5. Trieste and the Meaning of Nowhere by Jan Morris


In her best book – according to author herself – Morris explores the port town's role in centuries of trade and movement across the Mediterranean and the Balkans. Having first visited at the tail-end of the second world war as a British cavalry officer, Morris developed a close relationship with the Adriatic, with a further three books on Venice – both as a city and as a naval empire.

6. Al-Rihla (The Journey) by Ibn Battuta

The western imagination of medieval travel across the Mediterranean and Caspian regions is dominated by Marco Polo's tales of the Venetian Empire and beyond – an imperium of militarised trade routes. Yet Ibn Battuta – a near contemporary of Polo's – travelled three times the distance, visiting China, Tanzania and Timbuktu.

7. The Oil and the Glory: The Pursuit of Empire and Fortune on the Caspian Sea by Steve Levine


Levine's book is packed with stories of the intrigue behind the west's attempts to gain control of Caspian resources, out of reach since the Bolshevik revolution.
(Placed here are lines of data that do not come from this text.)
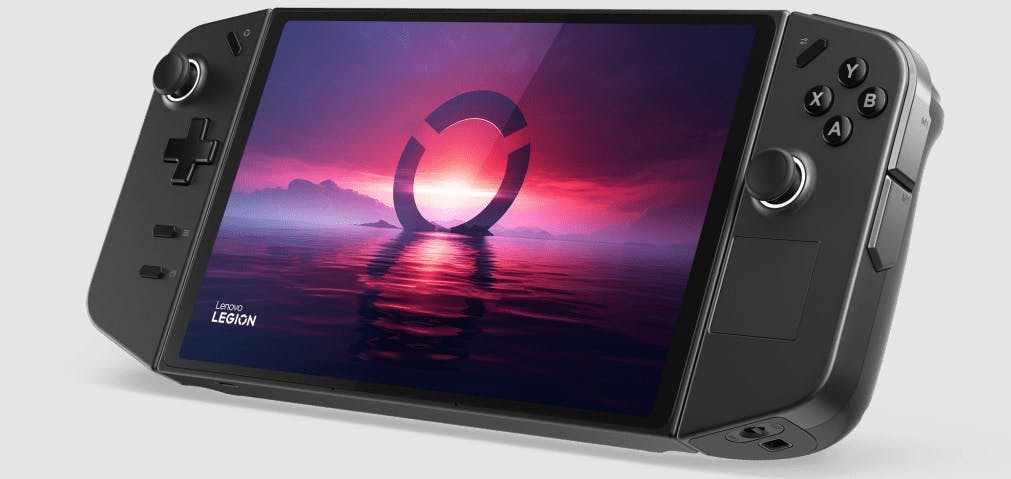 Valve en Xbox zijn aanwezig bij onthulling van nieuwe Lenovo-handheld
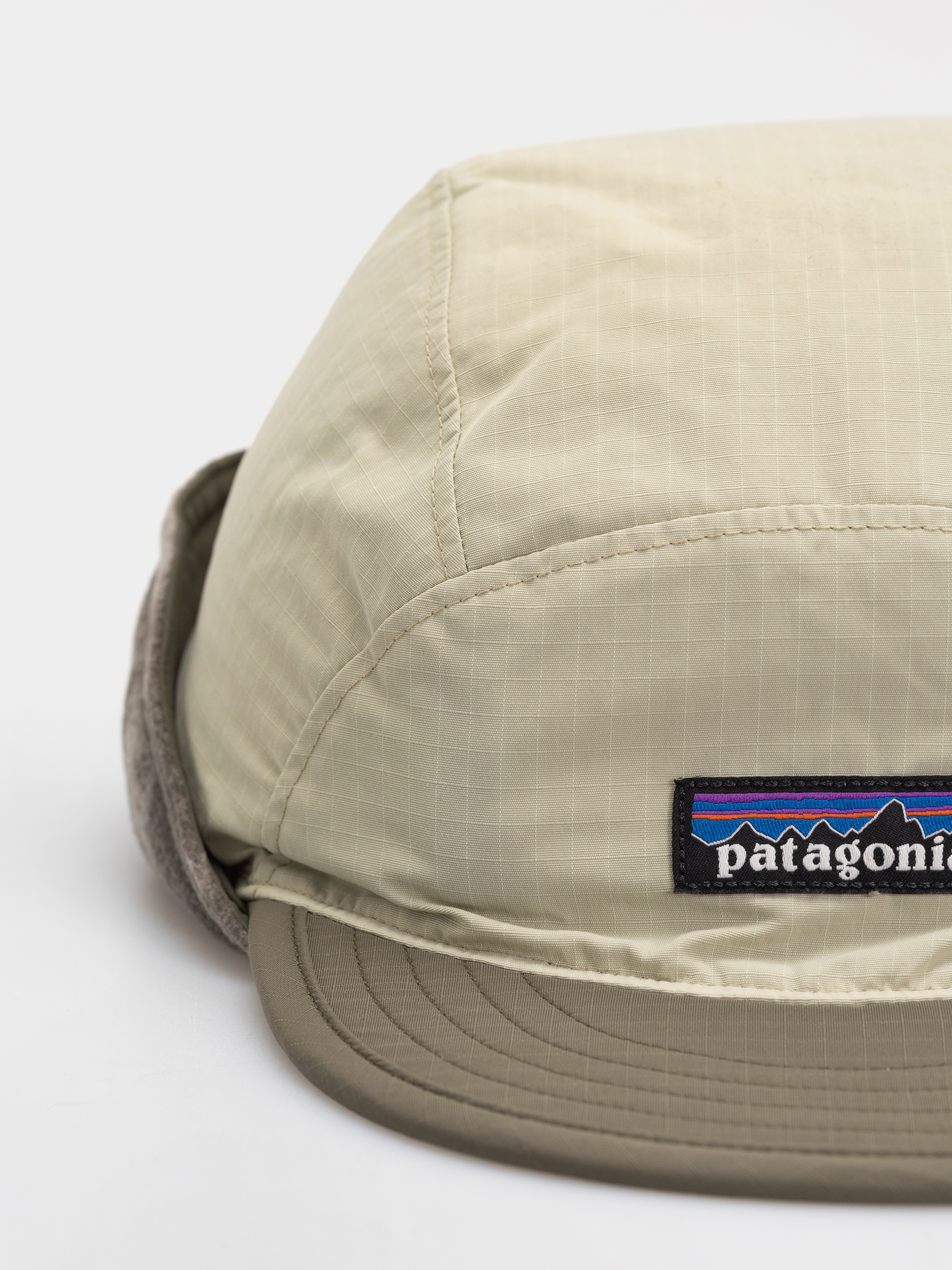 Czapka z daszkiem Patagonia Isthmus Earflap (weathered stone)
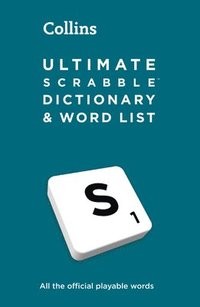bokomslag Ultimate SCRABBLE Dictionary and Word List
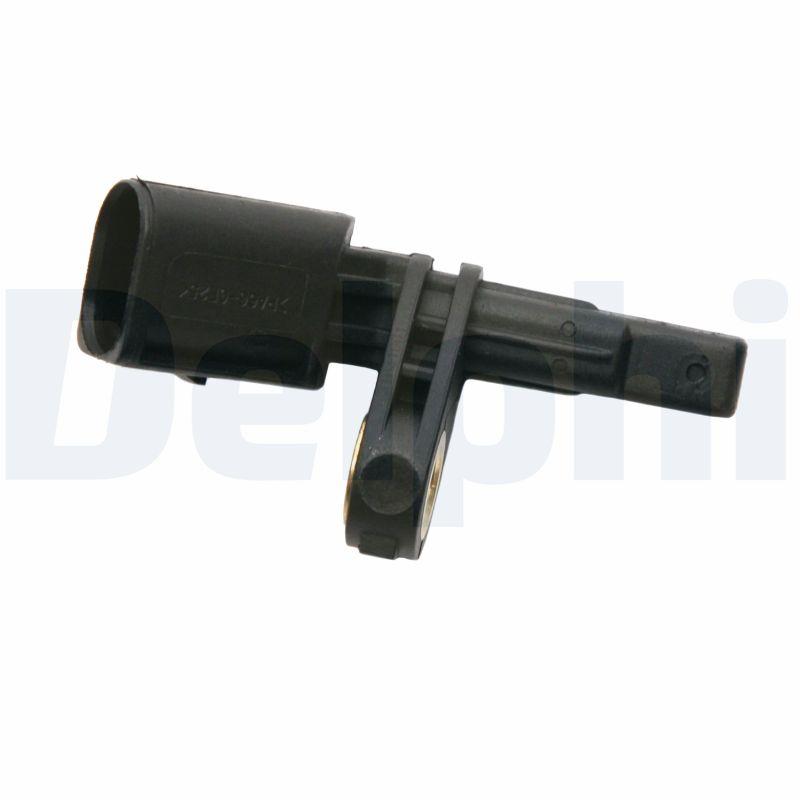 Capteur, vitesse de roue DELPHI SS20035 - Visuel 1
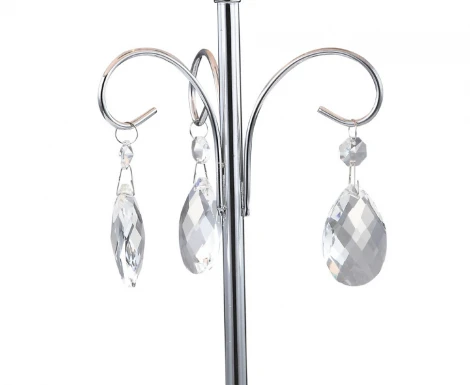 Интерьерная настольная лампа Lumien Hall Avgusta 1009/1T-CR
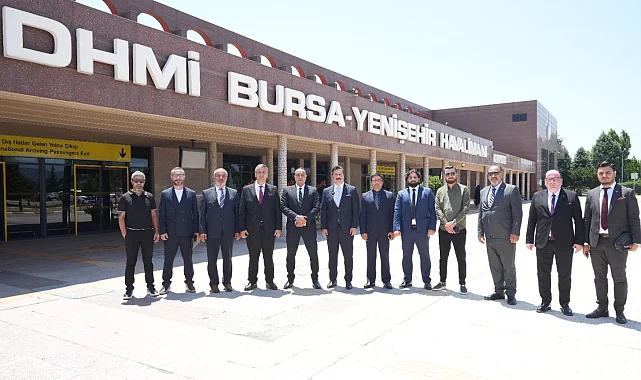 ANASİAD, Libya ile fuar köprüsü kuruyor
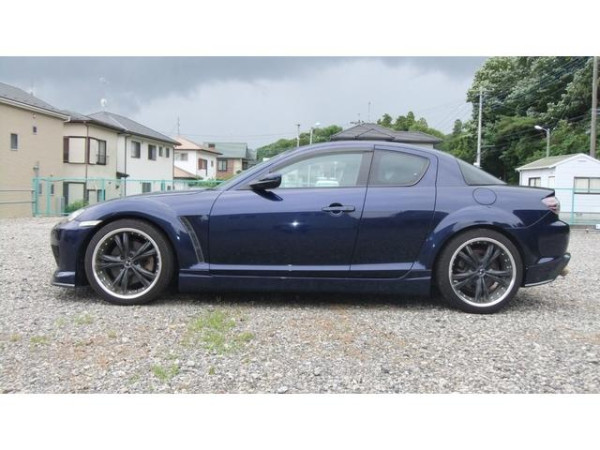 MAZDA RX-8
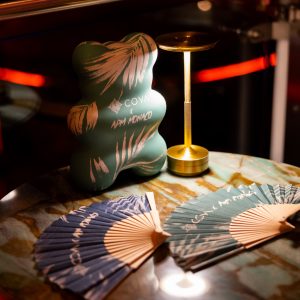 APM MONACO x COYA Monte-Carlo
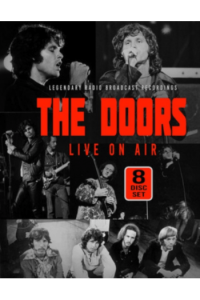 The Doors - Live on Air - Box Set CD - omot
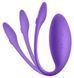 Смарт-виброяйцо We-Vibe Jive Lite Purple, небольшой размер SX2149 фото 2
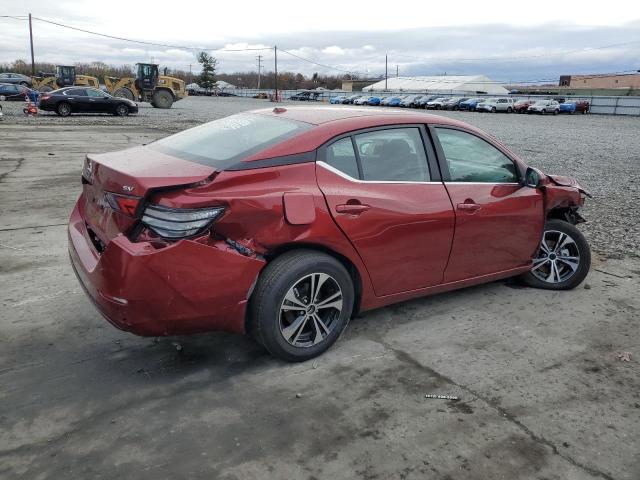 Image 3 of 2023 NISSAN SENTRA SV 2023 with VIN 3N1AB8CV2PY263243
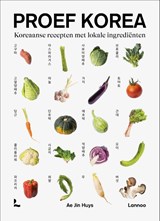 Proef Korea - Ae Jin Huys - 9789401487801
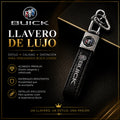 Buick Leather Keychain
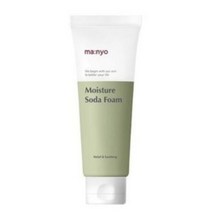 마녀공장 모이스처 클렌징 소다폼, 100ml, 2개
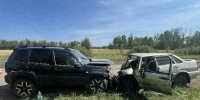В аварии на омской трассе один человек погиб и пятеро пострадали - ИА Новый Омск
While his book portrays these events from the top down, thankfully it is better written and less hyperbolic than Beyond Business: An Inspirational Memoir from a Remarkable Leader, the autobiography of John Browne, former CEO of BP and central to BP's acquisition of its position in the region.

8. Pipe Dreams by Rena Effendi


Effendi was initially employed by BP to document its Baku-Tbilisi-Ceyhan pipeline for a corporate calendar. After travelling along the route, she became increasingly disenchanted with the poverty of the population despite the oil wealth flowing beneath the fields. She flipped sides and produced this powerful photographic journey recording the hidden stories behind the spin.

9. The Seventh Man by John Berger and Jean Mohr

An examination of the challenging experience of migration from Turkey to western Europe and the centrality of migrant workers to modern capitalism. Thirty-seven years later, Europe's borders have changed drastically but this book remains seminal – not least given the parallel strengthening of Fortress Europe by officials in Brussels and rising xenophobia across the continent, from Greece's Golden Dawn to British Conservatives.

10. Energy 2020: European Commission report

Last and easily the driest reading on this list, Energy 2020 is also by far the most important guide to future trade across the region – setting underlying priorities that will define pipelines, tanker routes and energy sources. While not the most gripping narrative, this document was written in order to shape the geographic, economic and social realities from the Caspian to the Mediterranean – and beyond.